# 91 jetta engine swap good or bad?



## allenjames10 (Jan 16, 2006)

i have a 91 jetta that i bought 2 years ago. the car is in excellent shape and i am now going to do a complete tear down and rebuild. is it better to port and polish the orignal engine and tranny and add a small turbo? or put in a VR6 tubro and tranny? looking for some serious advice on this matter!!!!!


----------



## markmarshowsky (Jun 26, 2008)

*Re: 91 jetta engine swap good or bad? (allenjames10)*

i would not polish the transmission. terrible waste of time. tried it once and got no noticeble horspower increase.


----------



## allenjames10 (Jan 16, 2006)

*Re: 91 jetta engine swap good or bad? (markmarshowsky)*

got it. not worth it


----------



## markmarshowsky (Jun 26, 2008)

*Re: 91 jetta engine swap good or bad? (allenjames10)*

so i'm new to vw's but have built a few autocross/hill climb cars. in my experience porting and polishing most modern engines net relatively little horsepower. if you do the whole meal deal (i.e. knife edge crank, lighten everything, more compression, more fuel, etc) you can get a decent 30-40% hp increase. but the cost will far outweigh the benefits when compared to a turbo. only downside i've found to a properly designed turbo system is, you can't ever drive a non turbo car again and really appreciate it. good luck.


----------



## alpinweiss (Aug 10, 2007)

*Re: 91 jetta engine swap good or bad? (allenjames10)*

Anything is possible, given enough time and money.
I would recommend going with a rebuild on your present engine (and maybe a turbo), rather than trying to swap in a VR6. The VR6 is possible, but this car/engine/transmission combination was never offered by the factory, so you are really on your own with parts for this modification.
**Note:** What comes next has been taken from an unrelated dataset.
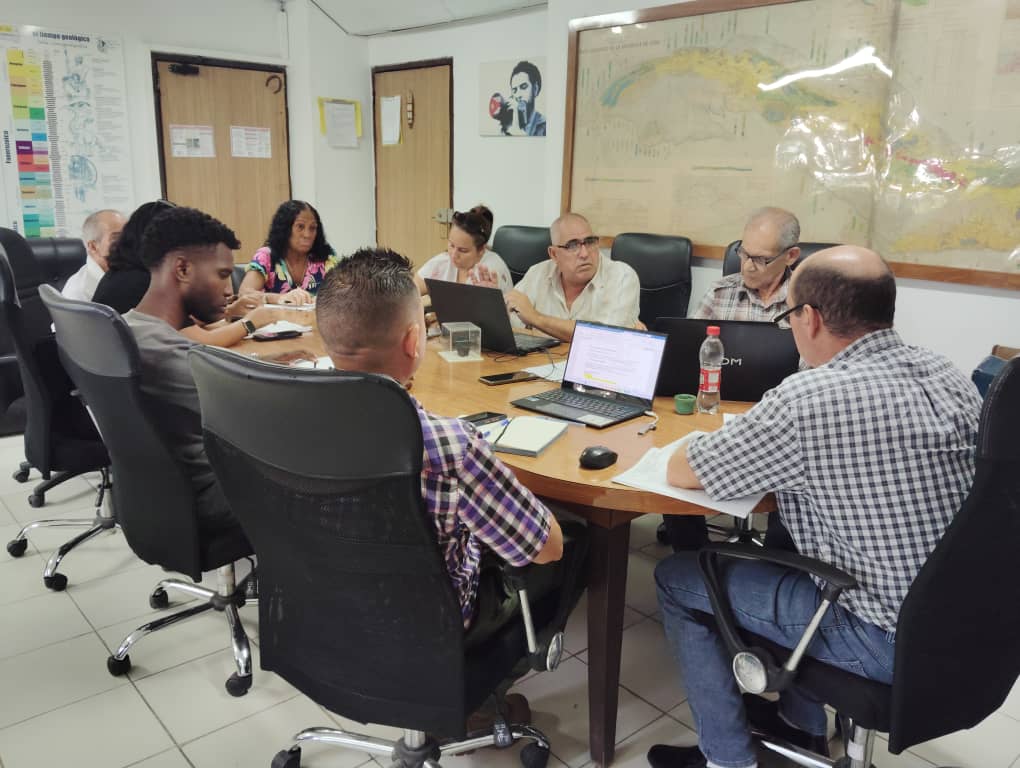 Realizan la reunión de la Geología en el <a href="/IgpCuba/">IGP</a>. En la importante actividad se valoraron proyectos de impacto económico y social, claves para el desarrollo del país.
Remember to swap the engine, transmission, shifter mechanism, cooling system, engine accessories, half-shafts, wheel hubs, brakes, wheels, tires, and the list goes on. It will also make your car very nose-heavy.
There are now a number of tuners that offer nice turbocharger or supercharger kits for your car. Some of them appear to be of very good quality.
If you are absolutely committed to doing an engine swap, you might want to consider a 1.8T (rather than the VR6).


----------



## vw leben (May 17, 2008)

1.8T = very $ compared to a VR6. Don't do either. What you are looking for is a Good 2.0 ABA bottom end and port and polish the 1.8 head (unless you want to convert the ABA head, but unless you have digi 2 then its more work converting from CIS to ABA ECU and engine wiring). Either head, put in a 270 cam, get it running great and you will be happy. Then in the future if you plan on a turbo or S/C you will have a great combo at a very good price! Just my too cents but I really think you wil like it.


----------